Seawitch
- First edition cover (UK)
- Author: Alistair MacLean
- Language: English
- Genre: Thriller novel
- Publisher: Collins (UK) Doubleday (US)
- Publication date: 1977
- Publication place: United Kingdom
- Media type: Print
- Pages: 286
- ISBN: 0-449-23597-1
- OCLC: 4311544
- Preceded by: The Golden Gate
- Followed by: Goodbye California

= Seawitch =

1977 novel by Alistair MacLean

Seawitch is a novel written by the Scottish author Alistair MacLean. It was first published in the United Kingdom by Collins in 1977 and later in the same year by Doubleday in the United States.

It was written in Mexico, where MacLean would not be taxed by US authorities. The book deviates from MacLean's usual mystery/drama formula in that it is almost all action, with no mystery and no "traitor amongst them" sub-plot.

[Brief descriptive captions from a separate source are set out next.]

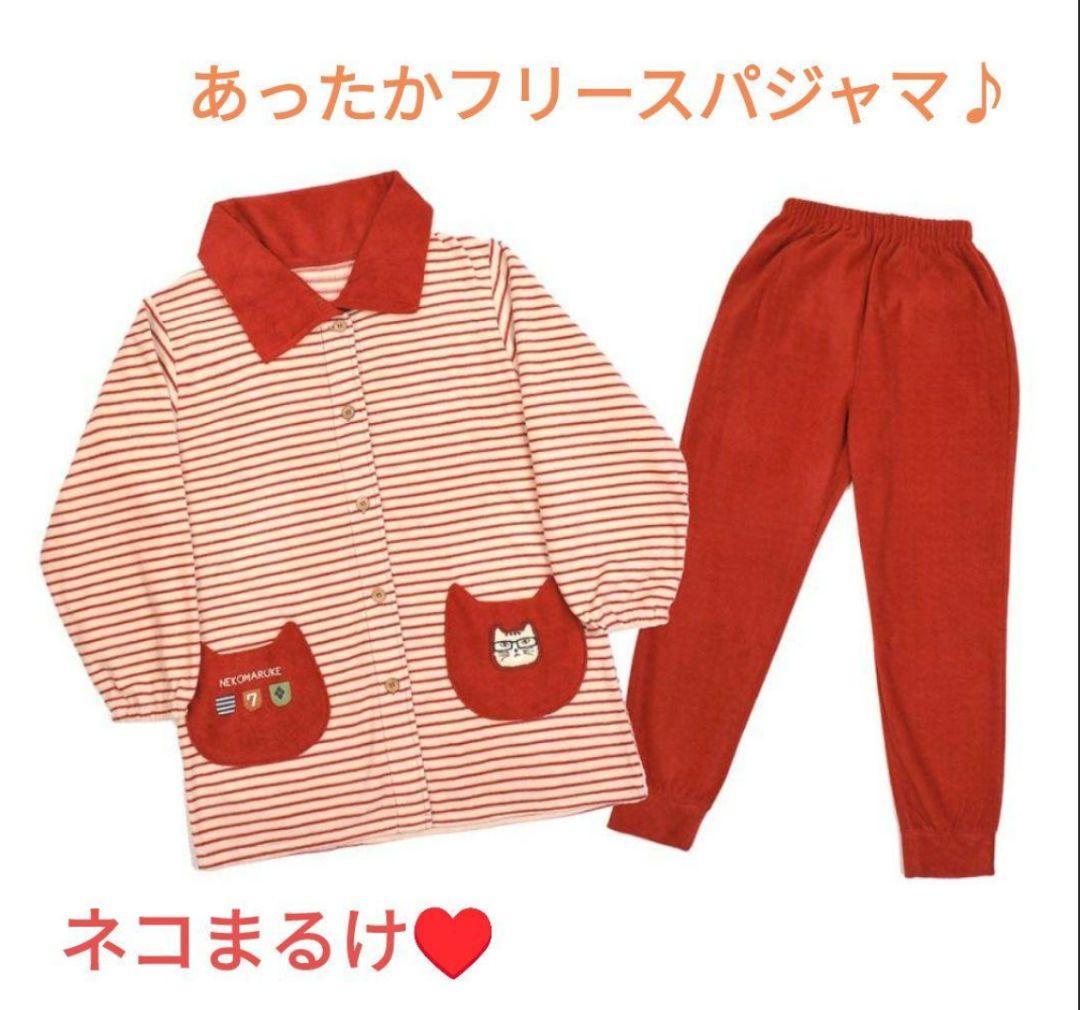 クスグル　パジャマ　上下フリース　かわいい　冬　ネコザワ　ネコまるけ　ネコ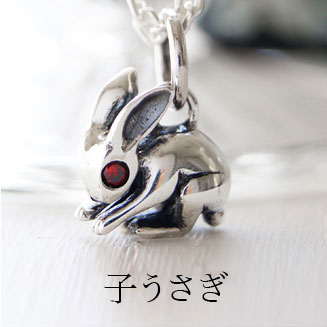 楽天市場】pe1789 ペンダントトップのみ シルバー アクセサリー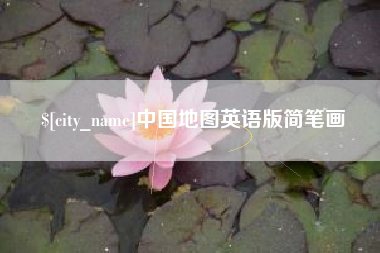 西安中国地图英语版简笔画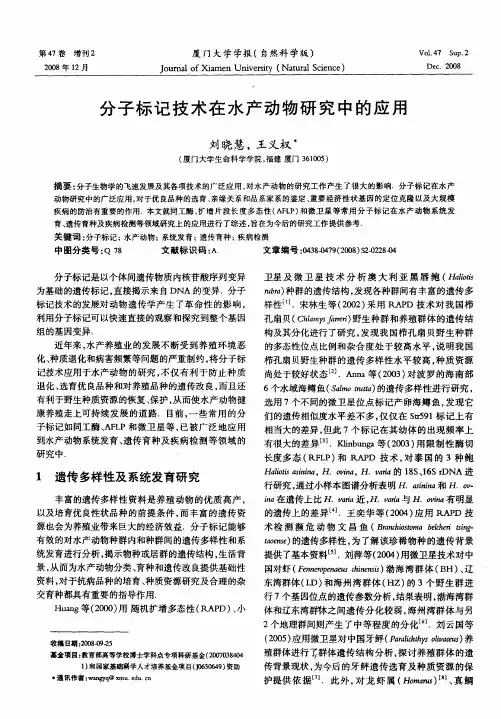分子标记技术在水产动物研究中的应用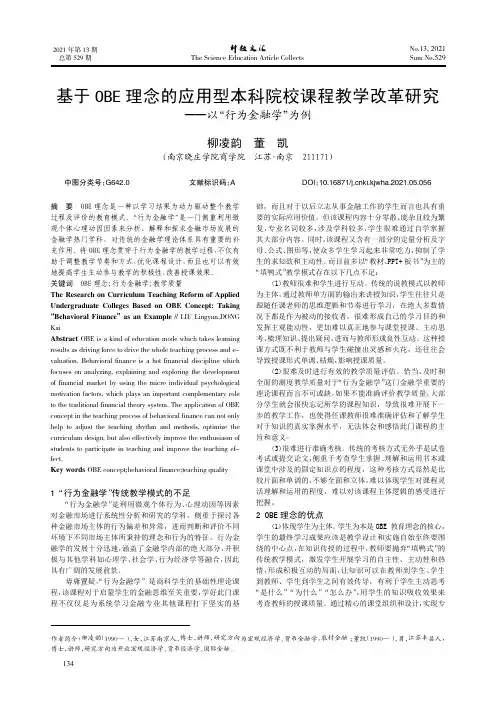 基于OBE理念的应用型本科院校课程教学改革研究——以“行为金融学”为例
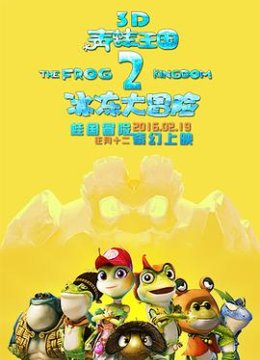 青蛙王国之冰冻大冒险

The book was a best seller. The New York Times review said MacLean "stumbles badly".

==Plot introduction==
Lord Worth, ruthless and fabulously wealthy, has made a lot of enemies in the oil business. His new offshore tension-leg platform oil rig in the Gulf of Mexico, named Seawitch, is one of the biggest in the world, the only one of its kind, and will put his competitors out of business. To destroy it and therefore be able to inflate the price of oil at will, the competitors get together and send one man to deal with Lord Worth. The villain has a personal score to settle with Worth and kidnaps his daughters. But Lord Worth's daughters are betrothed to the protagonists, Mitchell and Roomer, two former police detectives, now private investigators. They set trying to save Worth and his daughters from certain death, as the villain intends to leave them on Seawitch when he destroys it with a stolen nuclear weapon.